E assim o livro virou um companheiro, de certa forma era como se “falasse” com o padre Gallo, ou melhor, ouvisse suas histórias, é esta a sensação tida, a leitura do livro trás de volta o tempo que sentava na escada da casa da vovó e ouvia as histórias de sua vida passadas no interior, desde as de assombrações, botos, até as de pescas, plantas, etc.
Deixei meu companheiro algum tempo guardado na estante, às vezes o tempo é cruel, não permite que possamos dedicar-nos ao que realmente nos trás contentamento.
Somente no dia 07 de março de 2003, resolvi rever meu companheiro, tinha que ir a UFPA resolver uns assuntos, lá o ambiente é inspirador, pensei em sentar na beira do rio, com aquela brisa fria do inverno amazônico, quem sabe ter a sorte de ver um boto boiando, muitas pessoas dizem que avistaram ali.
Saí de casa após o almoço, cheguei a UFPA e me dirigi a um banco na beira do rio, conforme tinha ansiado, tirei o “Marajó” da bolsa e abri sem escolher um capitulo especifico, foi este, “Quando Deus precisar de você”, tratando da morte nas visões do marajoara e do europeu. Para o europeu o morto não é acolhido, velado, entrega-se uma firma responsável para cuidar do funeral, mantendo-o longe da família. Já para o povo do marajó, segundo o Padre Gallo, o morto é rodeado de atenções pela família e vizinhos, orações, velas, flores, supertições, etc.
A leitura desse capitulo serviu de base para abrir o baú de minhas memórias, relembrando o que nos foi ensinado sobre a morte amazônica e seus rituais, neste momento senti um temor, de não conhecer pessoalmente o Padre Gallo, deu um aperto no coração, pois sabia da sua idade avançada, e novamente proferi as palavras, tenho medo que ele morra! Seria algo que não me perdoaria, e fiquei pensando na importância deste homem, na sua sabedoria, sua visão ampla de mundo, e na escolha pelo Marajó.

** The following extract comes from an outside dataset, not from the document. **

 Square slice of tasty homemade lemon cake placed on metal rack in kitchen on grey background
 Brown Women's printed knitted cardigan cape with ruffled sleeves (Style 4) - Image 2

Foi somente quando cheguei em casa por volta das 18:30, liguei a tv para ouvir as noticias no jornal local, que recebi uma noticia que causaria impacto, naquela tarde o Padre Giovanni Gallo de 76 anos havia falecido, não acreditei, como poderia, o mundo do Marajó ainda precisavam muito dele, e eu que nem sequer o conheci, ouvi sua voz, conheci as outras histórias. Não sei o que aconteceu, posso chamar de coincidência, mas como explicar aquela tarde, minhas palavras, meus sentimentos, e a morte dele. A sensação de deixar de fazer o que deveria ser feito é horrível, paralisadora. Vi pela Tv o Sr. Smith, parecia estar cuidando dos trâmites legais para o sepultamento que será onde com certeza ele gostaria, no Museu, em Cachoeira, no Marajó, ele era um dos inúmeros amigos que o Padre Gallo possuía nesta terra que o acolheu, e que foi acolhida por ele, com certeza tais amigos hoje choram a perca irreparável deste mecenas do Marajó, alguns choram sua morte, mesmo sem ele nunca ter sabido da existência destes amigos.
Hoje o dia amanheceu cinza, triste, os passarinhos nem vieram cantar na arvore do quintal...Li na primeira pagina do jornal a seguinte matéria: “Morre italiano que deu a vida pelo Marajó”, pensei nos versos do poeta, “quando eu morrer, se eu não for pro céu, eu vou lá pro Marajó, montar num cavalo baio debaixo das cores do sol”.